Take the best case scenario, copying a string where the precise length is unknown but we know it will always fit in, say, 64 bytes.
In earlier days, I would always have used strcpy() for this task, avoiding the "wasteful" extra copies memcpy() would make. It felt efficient, after all you only replace a i < len check with buf[i] != null inside your loop right?
But of course it doesn't actually work that way, copying one byte at a time is inefficient so instead we copy as many as possible at once, which is easy to do with just a length check but not so easy if you need to find the null byte. And on top of that you're asking the CPU to predict a branch that depends completely on input data.

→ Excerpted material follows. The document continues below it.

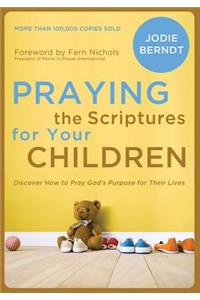 Praying the Scriptures for Your Children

Which of course causes issues when languages with more proper strings interact with C but there you go.
Ideally, the standard would include a type that packages a string with its length, and had functions that used that type and/or took the length as an argument. But even without that it is possible avoid using null terminated strings in a lot of places.

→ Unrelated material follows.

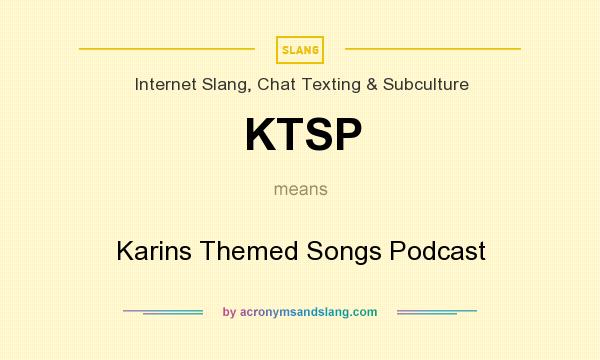 What does KTSP mean? It stands for Karins Themed Songs Podcast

And maybe even have a (arch dependent) string buffer zone where the actual memory length is a multiple of 4 or even 8
After years I now think it's essential to have a library which records at least how much memory is allocated to a string along with the pointer.
Something like this: https://github.com/msteinert/bstring
This idiom:
char hostname[20];
...
strncpy( hostname, input, 20 );
hostname[19]=0;
exists because strncpy was invented for copying file names that got stored in 14-byte arrays, zero terminated only if space permitted (https://stackoverflow.com/a/1454071)I have long wondered how terrible it would have been to have some sort of "varint" at the beginning instead of a hard-coded number of bytes, but I don't have enough experience with that generation to have a good feel for it.
A library that records how much memory is allocated to a string along with the pointer isn't a necessity.
Most people who write in C professionally are completely used to it although the footgun is (and all of the others are) always there lurking.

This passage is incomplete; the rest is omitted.